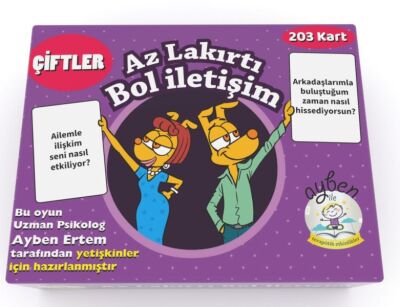 Az Lakırtı Bol İletişim Çiftler - 1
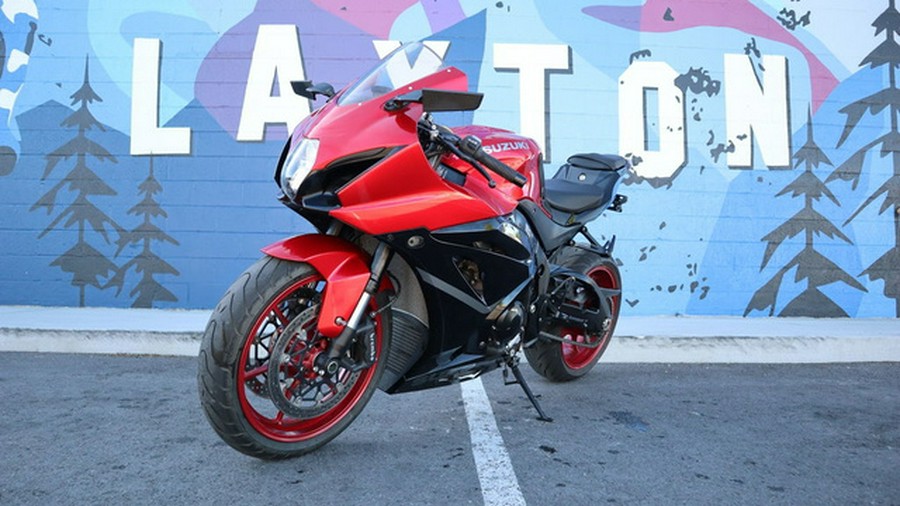 2025 Suzuki GSX-R1000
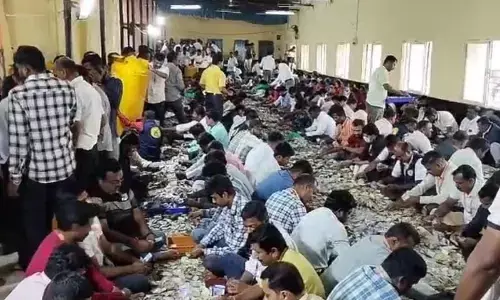 Annual Hasanamba Temple Fest Concludes, Record Revenue from Offerings, unfair to old and infirm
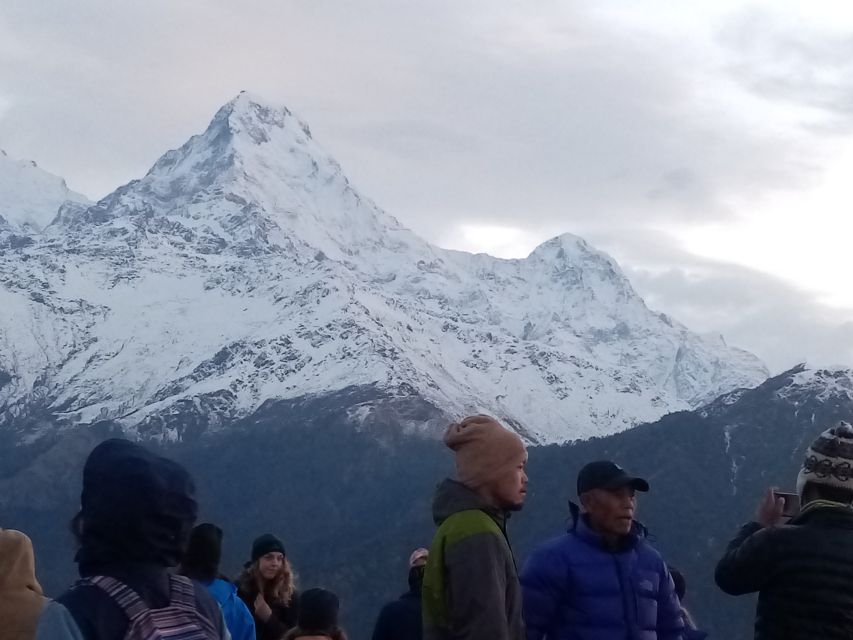 Pokhara: 4-Day Private Annapurna Poon Hill Trek - Activity Description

_DIRECTIONS:_ Pictures are to be omitted. The lines from the line holding "Annual Hasanamba Temple" through the closing line of the data above are to be set down exactly, and nothing more.

_SOLUTION TO THIS TASK:_
 Annual Hasanamba Temple Fest Concludes, Record Revenue from Offerings, unfair to old and infirm
 Pokhara: 4-Day Private Annapurna Poon Hill Trek - Activity Description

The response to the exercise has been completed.